I am asking this because I have a particular application where I need extremely low currents, and I am not sure if the simulator (Cadence Spectre with foundry-provided npn models) is reliable in this unusual region of operation. I know that it uses the Gummel-Poon integral charge model, but this should be close to the Ebers-Moll model at low currents, I expect.

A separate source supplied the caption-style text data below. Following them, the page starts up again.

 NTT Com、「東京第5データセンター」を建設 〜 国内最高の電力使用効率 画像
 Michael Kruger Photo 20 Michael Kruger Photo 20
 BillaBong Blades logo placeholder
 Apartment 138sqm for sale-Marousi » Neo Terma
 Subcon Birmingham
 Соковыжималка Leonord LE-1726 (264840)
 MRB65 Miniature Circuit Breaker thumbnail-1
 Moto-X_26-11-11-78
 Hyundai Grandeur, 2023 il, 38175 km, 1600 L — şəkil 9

  • \$\begingroup\$ Tob, are you working with a foundry? Because they don't usually give out their models easily, unless you are working with them. If so, their models tend to work well even on the low currents you mention. But ask, of course. (Likely VBIC or Philips MEXTRAM models. Or, in some specialized cases, HICUM.) Also, regarding Ebers-Moll, you could look over what I wrote here about low currents and the problems modeling them. \$\endgroup\$ – jonk Sep 17 '18 at 23:00
  • \$\begingroup\$ Finally, be aware of shot noise issues. Anytime a current crosses a PN junction, it's "randomized" (poisson) and leads to noise. For example, suppose you have a base current of \$10\:\text{pA}\$. Then you can expect \$2\:\frac{\text{fA}}{\sqrt{\text{Hz}}}\$ on that score alone. At a bandwidth of, say, \$1\:\text{kHz}\$ this would imply getting very near 1% of your base current as noise due only to this effect. If these low currents result from a diode detector, you can also expect another quantum effect from the light itself: a kind of "flocking," since bosons can be in the same quantum state. \$\endgroup\$ – jonk Sep 17 '18 at 23:09
  • \$\begingroup\$ I work (indirectly, through the university) with a foundry (signed an NDA), and I am using the models provided with the design kit from the foundry, but I believe from reading the Spectre simulator documentation that the bjt model used is "integral charge Gummel-Poon model". The foundry just provides specific parameters to a bjt instance in their custom .scs model file. \$\endgroup\$ – Tob Ernack Sep 19 '18 at 13:41
  • \$\begingroup\$ You should probably ask your foundry, then. They know what they gave you. Gummel & Poon's seminal 1970 paper is titled, "An integral charge control model of bipolar transistors." Spice uses an improved GP model, so I'm not even sure if your simulator is up to date in that respect, from what you write. Note also that, for example, LTSpice includes a VBIC and MEXTRAM models, as well. I know that the Spice GP model includes low current effects. I just don't know how good those models are, since I've not attempted validating modeled collector currents under a nanoamp in a practical circuit. \$\endgroup\$ – jonk Sep 19 '18 at 16:46

I understand your issue. Personally I would not expect either model (Ebers-Moll nor Gummel-Poon) to produce accurate results with such low currents. The models are neither designed nor verified for that region of operation.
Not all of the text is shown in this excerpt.